Stored data

• • •

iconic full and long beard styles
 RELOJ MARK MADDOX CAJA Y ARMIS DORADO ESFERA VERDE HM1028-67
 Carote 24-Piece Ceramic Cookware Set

• • •

What is expected
All of the data above should be reproduced exactly, with nothing left out.

Response area
iconic full and long beard styles
 RELOJ MARK MADDOX CAJA Y ARMIS DORADO ESFERA VERDE HM1028-67
 Carote 24-Piece Ceramic Cookware Set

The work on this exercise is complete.